To top it off I was in a physical place of vulnerability. 

I HATE letting my guard down in front of people more than anything, especially people I don't know well.
So like I said, I was a mess. To the point where out of nowhere, I texted my ex, whom, while we are friends and everything, I don't really speak to all that much, and got him to bail me out of the situation. He knew all I needed was to separate myself from the darkness of the night before and put sleep in between.

The funny thing is, he was right. I woke up and things were okay. All those things I was upset about still existed, but, like always, I was able to deal with them.
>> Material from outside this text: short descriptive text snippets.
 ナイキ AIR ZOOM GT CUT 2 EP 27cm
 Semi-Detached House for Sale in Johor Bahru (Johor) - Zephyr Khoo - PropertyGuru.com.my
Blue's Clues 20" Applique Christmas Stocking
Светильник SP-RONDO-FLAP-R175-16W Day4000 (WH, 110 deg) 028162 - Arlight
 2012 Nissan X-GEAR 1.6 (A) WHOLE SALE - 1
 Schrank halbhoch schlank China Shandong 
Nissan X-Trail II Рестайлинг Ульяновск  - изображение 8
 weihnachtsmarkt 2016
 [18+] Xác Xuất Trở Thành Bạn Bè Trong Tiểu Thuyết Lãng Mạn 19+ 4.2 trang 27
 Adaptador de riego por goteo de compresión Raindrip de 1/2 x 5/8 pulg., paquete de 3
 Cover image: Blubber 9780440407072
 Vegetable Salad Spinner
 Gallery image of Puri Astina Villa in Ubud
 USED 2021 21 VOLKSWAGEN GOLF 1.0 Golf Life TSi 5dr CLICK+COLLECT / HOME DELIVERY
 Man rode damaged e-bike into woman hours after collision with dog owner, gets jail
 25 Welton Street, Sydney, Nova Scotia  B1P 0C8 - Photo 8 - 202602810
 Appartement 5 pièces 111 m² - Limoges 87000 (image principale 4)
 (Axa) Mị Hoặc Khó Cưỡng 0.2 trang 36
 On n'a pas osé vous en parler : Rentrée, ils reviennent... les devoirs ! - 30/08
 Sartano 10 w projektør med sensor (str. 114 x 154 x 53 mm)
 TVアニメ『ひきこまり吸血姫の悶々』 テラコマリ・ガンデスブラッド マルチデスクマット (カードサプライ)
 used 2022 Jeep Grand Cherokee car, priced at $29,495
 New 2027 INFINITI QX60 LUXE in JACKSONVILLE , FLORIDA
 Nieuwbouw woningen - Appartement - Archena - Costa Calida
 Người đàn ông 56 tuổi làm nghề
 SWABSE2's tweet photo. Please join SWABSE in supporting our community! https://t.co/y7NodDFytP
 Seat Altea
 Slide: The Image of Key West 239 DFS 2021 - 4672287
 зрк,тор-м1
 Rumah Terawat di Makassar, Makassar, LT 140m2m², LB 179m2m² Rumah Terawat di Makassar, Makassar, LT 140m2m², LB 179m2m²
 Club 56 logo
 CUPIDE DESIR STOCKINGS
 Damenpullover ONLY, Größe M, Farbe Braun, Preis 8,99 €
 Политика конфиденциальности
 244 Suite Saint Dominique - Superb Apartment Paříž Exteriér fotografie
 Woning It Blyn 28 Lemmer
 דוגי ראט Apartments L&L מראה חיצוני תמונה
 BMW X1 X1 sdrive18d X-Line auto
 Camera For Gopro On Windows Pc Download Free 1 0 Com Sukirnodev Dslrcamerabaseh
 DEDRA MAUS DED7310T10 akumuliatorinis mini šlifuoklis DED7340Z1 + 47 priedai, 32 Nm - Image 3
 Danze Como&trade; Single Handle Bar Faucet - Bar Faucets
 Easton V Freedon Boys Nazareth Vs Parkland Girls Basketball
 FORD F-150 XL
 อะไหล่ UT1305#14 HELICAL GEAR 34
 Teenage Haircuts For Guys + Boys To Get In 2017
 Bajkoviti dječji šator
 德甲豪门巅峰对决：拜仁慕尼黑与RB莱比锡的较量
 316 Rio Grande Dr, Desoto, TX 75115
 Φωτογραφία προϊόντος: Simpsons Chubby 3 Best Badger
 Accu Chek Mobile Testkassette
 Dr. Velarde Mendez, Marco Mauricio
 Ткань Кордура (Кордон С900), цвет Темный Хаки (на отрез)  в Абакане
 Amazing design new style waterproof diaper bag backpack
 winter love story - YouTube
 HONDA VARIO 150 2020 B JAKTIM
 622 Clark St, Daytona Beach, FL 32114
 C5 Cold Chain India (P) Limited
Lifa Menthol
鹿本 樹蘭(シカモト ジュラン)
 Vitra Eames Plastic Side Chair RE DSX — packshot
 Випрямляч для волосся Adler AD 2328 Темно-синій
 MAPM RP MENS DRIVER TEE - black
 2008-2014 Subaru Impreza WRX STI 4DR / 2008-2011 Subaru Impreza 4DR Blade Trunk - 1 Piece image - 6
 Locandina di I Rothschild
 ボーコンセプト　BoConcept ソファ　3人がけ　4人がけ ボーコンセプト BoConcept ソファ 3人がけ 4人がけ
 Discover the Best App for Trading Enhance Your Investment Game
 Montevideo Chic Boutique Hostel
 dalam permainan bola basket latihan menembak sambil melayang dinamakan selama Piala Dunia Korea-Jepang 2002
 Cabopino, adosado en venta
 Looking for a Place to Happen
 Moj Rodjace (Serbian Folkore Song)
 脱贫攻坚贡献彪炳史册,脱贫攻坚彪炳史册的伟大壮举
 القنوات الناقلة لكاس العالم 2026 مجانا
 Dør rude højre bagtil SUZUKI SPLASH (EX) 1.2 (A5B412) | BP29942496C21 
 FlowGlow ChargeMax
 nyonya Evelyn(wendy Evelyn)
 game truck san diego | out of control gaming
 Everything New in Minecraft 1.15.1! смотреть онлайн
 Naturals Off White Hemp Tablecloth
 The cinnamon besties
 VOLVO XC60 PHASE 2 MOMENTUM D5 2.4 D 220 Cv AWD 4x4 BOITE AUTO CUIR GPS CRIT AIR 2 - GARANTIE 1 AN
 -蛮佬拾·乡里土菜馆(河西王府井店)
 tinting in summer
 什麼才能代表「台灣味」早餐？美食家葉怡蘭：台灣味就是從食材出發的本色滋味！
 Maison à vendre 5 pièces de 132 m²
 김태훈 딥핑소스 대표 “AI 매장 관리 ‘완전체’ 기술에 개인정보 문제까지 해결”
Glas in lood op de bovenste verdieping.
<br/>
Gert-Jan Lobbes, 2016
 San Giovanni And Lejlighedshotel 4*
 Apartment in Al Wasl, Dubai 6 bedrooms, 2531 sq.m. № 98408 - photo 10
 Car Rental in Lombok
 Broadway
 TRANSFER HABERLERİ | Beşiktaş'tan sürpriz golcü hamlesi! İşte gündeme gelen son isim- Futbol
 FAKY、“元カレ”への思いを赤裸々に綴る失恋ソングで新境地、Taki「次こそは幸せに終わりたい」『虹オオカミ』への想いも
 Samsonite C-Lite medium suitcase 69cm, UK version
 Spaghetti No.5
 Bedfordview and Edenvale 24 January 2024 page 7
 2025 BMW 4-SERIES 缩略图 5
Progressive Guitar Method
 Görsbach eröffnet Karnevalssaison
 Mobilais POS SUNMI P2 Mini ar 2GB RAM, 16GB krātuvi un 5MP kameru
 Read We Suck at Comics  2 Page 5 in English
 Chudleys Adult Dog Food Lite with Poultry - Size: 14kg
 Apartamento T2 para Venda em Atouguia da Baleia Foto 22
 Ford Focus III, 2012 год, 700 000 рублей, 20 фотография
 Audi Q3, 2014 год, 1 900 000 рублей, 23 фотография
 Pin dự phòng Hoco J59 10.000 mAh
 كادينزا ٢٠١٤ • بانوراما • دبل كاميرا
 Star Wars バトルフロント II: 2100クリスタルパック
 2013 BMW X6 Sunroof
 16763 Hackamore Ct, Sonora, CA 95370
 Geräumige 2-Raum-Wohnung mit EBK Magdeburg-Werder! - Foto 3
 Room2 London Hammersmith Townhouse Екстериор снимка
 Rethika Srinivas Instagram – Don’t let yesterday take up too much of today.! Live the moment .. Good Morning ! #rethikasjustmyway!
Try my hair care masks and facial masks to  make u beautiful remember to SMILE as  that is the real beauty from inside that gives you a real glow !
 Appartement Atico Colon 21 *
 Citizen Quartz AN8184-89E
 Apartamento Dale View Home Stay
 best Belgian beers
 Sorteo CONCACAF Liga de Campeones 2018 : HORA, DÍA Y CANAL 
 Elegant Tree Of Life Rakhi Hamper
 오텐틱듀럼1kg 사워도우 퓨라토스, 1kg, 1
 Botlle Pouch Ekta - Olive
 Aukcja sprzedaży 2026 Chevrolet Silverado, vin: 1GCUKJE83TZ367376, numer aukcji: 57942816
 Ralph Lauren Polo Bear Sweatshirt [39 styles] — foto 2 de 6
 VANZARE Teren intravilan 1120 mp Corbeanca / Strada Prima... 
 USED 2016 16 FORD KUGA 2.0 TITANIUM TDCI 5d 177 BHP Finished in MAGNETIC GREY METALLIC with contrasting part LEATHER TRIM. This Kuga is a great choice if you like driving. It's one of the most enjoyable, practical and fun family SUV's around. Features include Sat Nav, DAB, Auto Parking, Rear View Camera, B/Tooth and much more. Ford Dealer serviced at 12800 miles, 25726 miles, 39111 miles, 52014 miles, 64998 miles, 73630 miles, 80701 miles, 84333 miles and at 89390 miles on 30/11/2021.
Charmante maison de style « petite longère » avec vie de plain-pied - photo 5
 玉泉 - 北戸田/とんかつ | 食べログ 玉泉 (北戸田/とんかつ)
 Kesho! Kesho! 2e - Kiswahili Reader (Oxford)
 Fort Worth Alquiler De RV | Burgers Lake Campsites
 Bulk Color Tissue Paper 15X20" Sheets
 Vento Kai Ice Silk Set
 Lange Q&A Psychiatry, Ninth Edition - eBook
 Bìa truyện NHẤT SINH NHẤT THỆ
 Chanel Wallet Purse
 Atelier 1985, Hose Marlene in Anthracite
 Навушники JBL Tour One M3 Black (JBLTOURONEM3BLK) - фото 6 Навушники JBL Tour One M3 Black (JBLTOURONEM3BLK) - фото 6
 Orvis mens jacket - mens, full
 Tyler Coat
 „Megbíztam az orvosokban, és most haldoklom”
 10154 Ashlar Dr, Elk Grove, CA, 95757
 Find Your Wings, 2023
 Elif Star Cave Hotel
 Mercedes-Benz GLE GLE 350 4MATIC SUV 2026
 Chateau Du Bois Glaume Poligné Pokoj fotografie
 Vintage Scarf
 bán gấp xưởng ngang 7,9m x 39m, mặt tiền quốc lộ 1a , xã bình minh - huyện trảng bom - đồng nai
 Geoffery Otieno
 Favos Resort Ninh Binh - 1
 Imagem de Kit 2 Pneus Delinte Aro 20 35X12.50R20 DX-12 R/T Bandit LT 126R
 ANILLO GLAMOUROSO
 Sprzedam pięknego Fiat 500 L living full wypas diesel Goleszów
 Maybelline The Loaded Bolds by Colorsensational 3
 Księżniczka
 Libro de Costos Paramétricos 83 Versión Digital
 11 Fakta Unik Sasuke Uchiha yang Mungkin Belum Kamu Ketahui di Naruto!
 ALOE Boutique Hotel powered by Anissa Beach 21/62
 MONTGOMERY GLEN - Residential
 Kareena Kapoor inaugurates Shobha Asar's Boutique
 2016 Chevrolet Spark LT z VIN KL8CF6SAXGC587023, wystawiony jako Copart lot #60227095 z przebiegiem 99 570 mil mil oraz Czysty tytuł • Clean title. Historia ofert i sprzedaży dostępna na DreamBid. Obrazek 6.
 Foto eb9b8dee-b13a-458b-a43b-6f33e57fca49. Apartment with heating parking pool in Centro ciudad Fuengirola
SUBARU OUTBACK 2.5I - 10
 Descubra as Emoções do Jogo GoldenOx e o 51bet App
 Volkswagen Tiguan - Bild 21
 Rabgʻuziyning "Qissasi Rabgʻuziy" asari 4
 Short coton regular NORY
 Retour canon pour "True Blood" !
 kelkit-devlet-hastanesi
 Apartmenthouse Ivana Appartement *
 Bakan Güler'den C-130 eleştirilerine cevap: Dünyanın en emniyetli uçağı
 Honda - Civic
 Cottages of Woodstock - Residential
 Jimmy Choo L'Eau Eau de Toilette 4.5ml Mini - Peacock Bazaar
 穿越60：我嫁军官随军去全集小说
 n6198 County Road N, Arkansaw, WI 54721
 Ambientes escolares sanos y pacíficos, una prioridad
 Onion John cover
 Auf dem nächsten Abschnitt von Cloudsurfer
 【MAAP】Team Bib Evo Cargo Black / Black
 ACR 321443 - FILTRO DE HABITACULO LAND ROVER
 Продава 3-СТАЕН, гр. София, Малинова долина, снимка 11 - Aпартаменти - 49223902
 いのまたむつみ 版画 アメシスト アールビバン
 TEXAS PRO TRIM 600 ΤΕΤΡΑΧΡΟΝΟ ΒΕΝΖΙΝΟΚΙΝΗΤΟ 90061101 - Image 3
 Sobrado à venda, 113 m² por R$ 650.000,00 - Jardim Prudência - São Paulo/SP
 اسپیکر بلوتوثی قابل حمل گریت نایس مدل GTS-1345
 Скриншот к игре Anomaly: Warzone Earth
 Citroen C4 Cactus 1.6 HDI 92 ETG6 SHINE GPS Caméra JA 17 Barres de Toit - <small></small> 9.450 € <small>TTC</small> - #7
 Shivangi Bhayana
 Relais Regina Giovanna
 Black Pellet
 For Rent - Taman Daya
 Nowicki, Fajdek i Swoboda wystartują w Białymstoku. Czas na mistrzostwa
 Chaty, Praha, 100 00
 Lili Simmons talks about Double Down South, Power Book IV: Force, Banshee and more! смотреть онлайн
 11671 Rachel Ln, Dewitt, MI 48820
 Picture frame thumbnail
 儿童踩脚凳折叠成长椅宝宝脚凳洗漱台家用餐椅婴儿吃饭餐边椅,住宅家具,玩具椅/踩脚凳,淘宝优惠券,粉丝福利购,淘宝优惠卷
It's insane, the character that comes out and controls you, the logic (or lack thereof) that takes over when you let something else envelope and control you.


Don't get me wrong, I like playing the puppet when I want too. We all know too well doing stupid shit and not having to be responsible is half the fun. 

For the first time though, I didn't like the conquest of my mind. No. Not at all.








We might die from medication, but we sure killed all the pain
But what was normal in the evening, by the morning seems insane.

I'm not sure what the trouble was that started all of this
The reasons all have run away but the feeling never did
It's not something I would recommend, but it is one way to live
Cause what is simple in the moonlight, by the morning never is

Thursday, December 6, 2012

if my heart didn't exist, I would be so goddamn sane!

Sometimes I show signs of insanity.
Yep.



If I asked y'all to nod if you think you're the same, everyone should be confidently bopping their heads, 'cause we're all slightly insane, and our heart is what makes us go nutty.
Sometimes I do stupid shit, purely because I let bullshit meaningless feelings get in the way of my straight thinking intelligence.
I don't like this.
Not one bit.


Especially when I don't learn from my mistakes. 

And that's the definition of insanity right?

Don't get me wrong, falling in love is worth acting like a crazy person.
But not once this year did I fall in love. Nope.


And I knew it all along.

Goddamn.
As a testament to how stupid it is that I am even thinking about something so meaningless, I'm calling it a day in blog world and going to watch some sitcoms.
At least I'll never be as insane as the non-existent.